We’re witnessing interesting developments in the UK at the moment, especially when it comes to the big miners and the dual-listed BHP Billiton and Rio Tinto.
To understand what is happening, we have to look back a few years to the depths of the eurozone crisis. Back then, during the jitters and volatility that swept through the eurozone, huge amounts of money from peripheral Europe ignored the fundamentals of the UK economy and made its way into sterling-denominated assets as a relative safe haven.
Fast forward a few years and people are only just beginning to wake up to the dire financial state of the British economy. With the jitters and volatility in the eurozone subsiding significantly, assets within continental Europe are beginning to look attractive again.

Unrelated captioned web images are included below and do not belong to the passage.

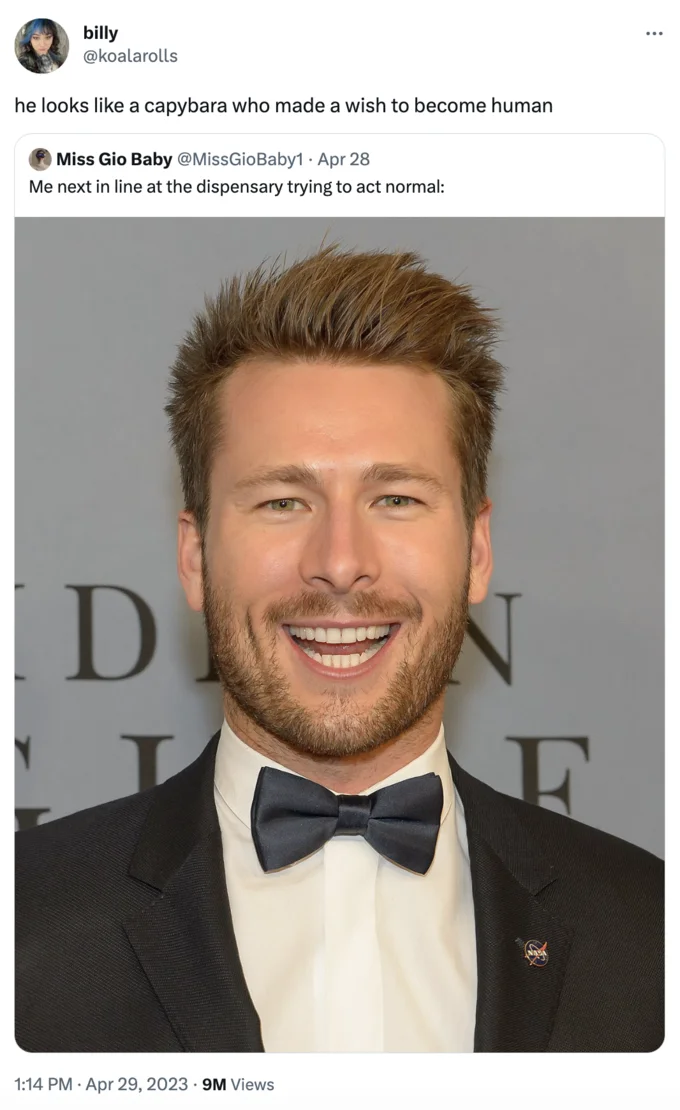 Glen Powell Capybara Face — Quote tweet from billy saying Glen Powell looks like a capybara who made a wish to become human, above the viral smile photo.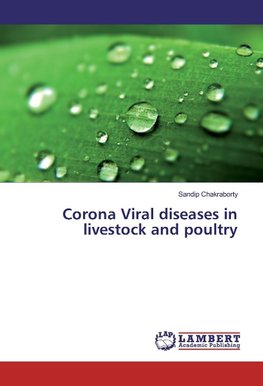 Corona Viral diseases in livestock and poultry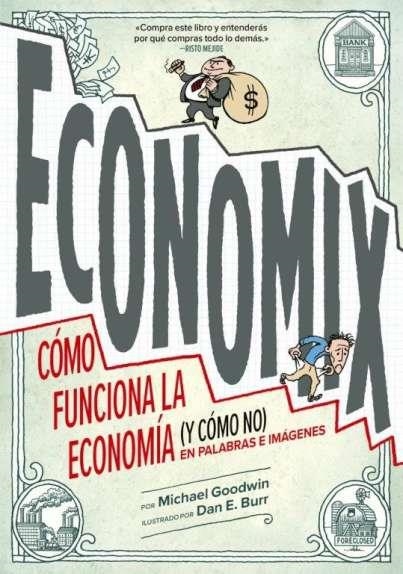 ECONOMIX: COMO FUNCIONA LA ECONOMIA (Y COMO NO) EN PALABRAS E IMAGENES [RUSTICA] | GOODWIN, MICHAEL | Akira Comics  - libreria donde comprar comics, juegos y libros online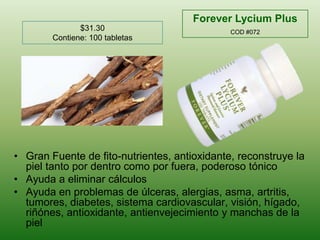 Forever Lycium PlusCOD #072$31.30Contiene: 100 tabletasGranFuente de fito-nutrientes, antioxidante, reconstruye la pieltantopordentrocomoporfuera, poderosotónicoAyuda a eliminarcálculosAyuda en problemas de úlceras, alergias, asma, artritis, tumores, diabetes, sistema cardiovascular, visión, hígado, riñónes, antioxidante, antienvejecimiento y manchas de la piel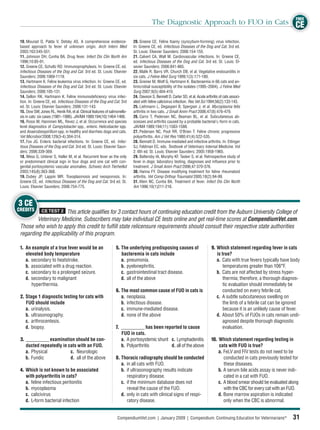 FREE
                                                                                       The Diagnostic Approach to FUO in Cats CE

 10. Mourad O, Palda V, Detsky AS. A comprehensive evidence-               20. Greene CE. Feline foamy (syncytium-forming) virus infection.
 based approach to fever of unknown origin. Arch Intern Med                In: Greene CE, ed. Infectious Diseases of the Dog and Cat. 3rd ed.
 2003;163:545-551.                                                         St. Louis: Elsevier Saunders; 2006:154-155.
 11. Johnson DH, Cunha BA. Drug fever. Infect Dis Clin North Am            21. Calvert CA, Wall M. Cardiovascular infections. In: Greene CE,
 1996;10:85-91.                                                            ed. Infectious Diseases of the Dog and Cat. 3rd ed. St. Louis: El-
 12. Greene CE, Schultz RD. Immunoprophylaxis. In: Greene CE, ed.          sevier Saunders; 2006:841-865.
 Infectious Diseases of the Dog and Cat. 3rd ed. St. Louis: Elsevier       22. Malik R, Barrs VR, Church DB, et al. Vegetative endocarditis in
 Saunders; 2006:1069-1119.                                                 six cats. J Feline Med Surg 1999;1(3):171-180.
 13. Hartmann K. Feline leukemia virus infection. In: Greene CE, ed.       23. Greiner M, Wolf G, Hartmann K. Bacteraemia in 66 cats and an-
 Infectious Diseases of the Dog and Cat. 3rd ed. St. Louis: Elsevier       timicrobial susceptibility of the isolates (1995–2004). J Feline Med
 Saunders; 2006:105-131.                                                   Surg 2007;9(5):404-410.
 14. Sellon RK, Hartmann K. Feline immunodeﬁciency virus infec-            24. Dawson S, Bennett D, Carter SD, et al. Acute arthritis of cats associ-
 tion. In: Greene CE, ed. Infectious Diseases of the Dog and Cat. 3rd      ated with feline calicivirus infection. Res Vet Sci 1994;56(2):133-143.
 ed. St. Louis: Elsevier Saunders; 2006:131-143.                           25. Liehmann L, Degasperi B, Spergser J, et al. Mycoplasma felis
 15. Dow SW, Jones RL, Henik RA, et al. Clinical features of salmonello-   arthritis in two cats. J Small Anim Pract 2006;47(8):476-479.
 sis in cats: six cases (1981–1986). JAVMA 1989;194(10):1464-1466.         26. Carro T, Pedersen NC, Beaman BL, et al. Subcutaneous ab-
 16. Rossi M, Hanninen ML, Revez J, et al. Occurrence and species          scesses and arthritis caused by a probable bacterial L-form in cats.
 level diagnostics of Campylobacter spp., enteric Helicobacter spp.        JAVMA 1989;194(11):1583-1588.
 and Anaerobiospirillum spp. in healthy and diarrheic dogs and cats.       27. Pedersen NC, Pool RR, O’Brien T. Feline chronic progressive
 Vet Microbiol 2008;129(3-4):304-314.                                      polyarthritis. Am J Vet Res 1980;41(4):522-535.
 17. Fox JG. Enteric bacterial infections. In: Greene CE, ed. Infec-       28. Bennett D. Immune-mediated and infective arthritis. In: Ettinger
 tious Diseases of the Dog and Cat. 3rd ed. St. Louis: Elsevier Saun-      SJ, Feldman EC, eds. Textbook of Veterinary Internal Medicine. Vol
 ders; 2006:339-369.                                                       2. 6th ed. St. Louis: Elsevier Saunders; 2005:1958-1965.
 18. Wess G, Unterer S, Haller M, et al. Recurrent fever as the only       29. Battersby IA, Murphy KF, Tasker S, et al. Retrospective study of
 or predominant clinical sign in four dogs and one cat with con-           fever in dogs: laboratory testing, diagnoses and inﬂuence prior to
 genital portosystemic vascular anomalies. Schweiz Arch Tierheilkd         treatment. J Small Anim Pract 2006;47:370-376.
 2003;145(8):363-368.                                                      30. Hanna FY. Disease modifying treatment for feline rheumatoid
 19. Dubey JP, Lappin MR. Toxoplasmosis and neosporosis. In:               arthritis. Vet Comp Orthop Traumatol 2005;18(2):94-99.
 Greene CE, ed. Infectious Diseases of the Dog and Cat. 3rd ed. St.        31. Klein NC, Cunha BA. Treatment of fever. Infect Dis Clin North
 Louis: Elsevier Saunders; 2006:754-775.                                   Am 1996;10(1)211-216.



3 CE
CREDITS        CE TEST 2
                      This article qualiﬁes for 3 contact hours of continuing education credit from the Auburn University College of
         Veterinary Medicine. Subscribers may take individual CE tests online and get real-time scores at CompendiumVet.com.
 Those who wish to apply this credit to fulﬁll state relicensure requirements should consult their respective state authorities
 regarding the applicability of this program.

 1. An example of a true fever would be an                      5. The underlying predisposing causes of                         9. Which statement regarding fever in cats
    elevated body temperature                                      bacteremia in cats include                                       is true?
    a. secondary to heatstroke.                                    a. pneumonia.                                                    a. Cats with true fevers typically have body
    b. associated with a drug reaction.                            b. pyelonephritis.                                                   temperatures greater than 106°F.
    c. secondary to a prolonged seizure.                           c. gastrointestinal tract disease.                               b. Cats are not affected by stress hyper-
    d. secondary to malignant                                      d. all of the above                                                  thermia; therefore, a thorough diagnos-
       hyperthermia.                                                                                                                    tic evaluation should immediately be
                                                                6. The most common cause of FUO in cats is                              conducted on every febrile cat.
 2. Stage 1 diagnostic testing for cats with                       a. neoplasia.                                                    c. A subtle subcutaneous swelling on
    FUO should include                                             b. infectious disease.                                               the limb of a febrile cat can be ignored
    a. urinalysis.                                                 c. immune-mediated disease.                                          because it is an unlikely cause of fever.
    b. ultrasonography.                                            d. none of the above                                             d. About 50% of FUOs in cats remain undi-
    c. arthrocentesis.                                                                                                                  agnosed despite thorough diagnostic
    d. biopsy.                                                  7. __________ has been reported to cause                                evaluation.
                                                                   FUO in cats.
 3. __________ examination should be con-                          a. A portosystemic shunt c. Lymphadenitis                    10. Which statement regarding testing in
    ducted repeatedly in cats with an FUO.                         b. Polyarthritis         d. all of the above                     cats with FUO is true?
    a. Physical           c. Neurologic                                                                                             a. FeLV and FIV tests do not need to be
    b. Fundic             d. all of the above                   8. Thoracic radiography should be conducted                            conducted in cats previously tested for
                                                                   a. in all cats with FUO.                                            these diseases.
 4. Which is not known to be associated                            b. if ultrasonography results indicate                           b. A serum bile acids assay is never indi-
    with polyarthritis in cats?                                       respiratory disease.                                             cated in a cat with FUO.
    a. feline infectious peritonitis                               c. if the minimum database does not                              c. A blood smear should be evaluated along
    b. mycoplasma                                                     reveal the cause of the FUO.                                     with the CBC for every cat with an FUO.
    c. calicivirus                                                 d. only in cats with clinical signs of respi-                    d. Bone marrow aspiration is indicated
    d. L-form bacterial infection                                     ratory disease.                                                  only when the CBC is abnormal.


                                                                 CompendiumVet.com | January 2009 | Compendium: Continuing Education for Veterinarians®                      31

Hence sterling is in the process of losing its safe haven status as the money flow reverses and participants look to try and get out with their shirts still on their backs.
With the UK staring down the barrel of its third recession in five years, sterling has been the second worst performing G10 currency year-to-date, down 7.1 per cent, which is only just behind the yen’s fall of 8.8 per cent.
The only difference is that the Bank of Japan is deliberately trying to weaken its currency, a move many suggest new Bank of England Governor Mark Carney may look to follow. He’s already hinted he’s going for a very relaxed approach to hitting the government’s 2 per cent inflation target.
The chart above of sterling versus the US dollar shows that since the beginning of 2013, there has been some serious selling pressure. So much so that it has recently broken down through a major support level and, despite the recent bounce, looks set to continue its de-rating, possibly weakening to levels around the previous major lows marked in red and green.
There have been plenty of professionals suggesting short pound sterling is one of their best trade ideas for 2013. With plenty of speculators betting against ‘cable’, as it is commonly referred to by traders, memories of when George Soros famously broke the Bank of England and profited $1 billion won’t be too far from memory.
So enough with the history, what does this mean for the current market? Basically, Rio Tinto and BHP Billiton have been smashed in London, as can be seen in the charts below as money exits the sterling-denominated listings for fear of further sterling weakness and iron ore price uncertainty.
This creates a huge amount of uncertainty and really damages sentiment for the Australian listings right at a time when the market is seeing a pullback. On top of that, adjusting for the currency it presently means you can buy the London-listed BHP Billiton for $28.85 and Rio for $45.24, which are huge discounts to Australian prices.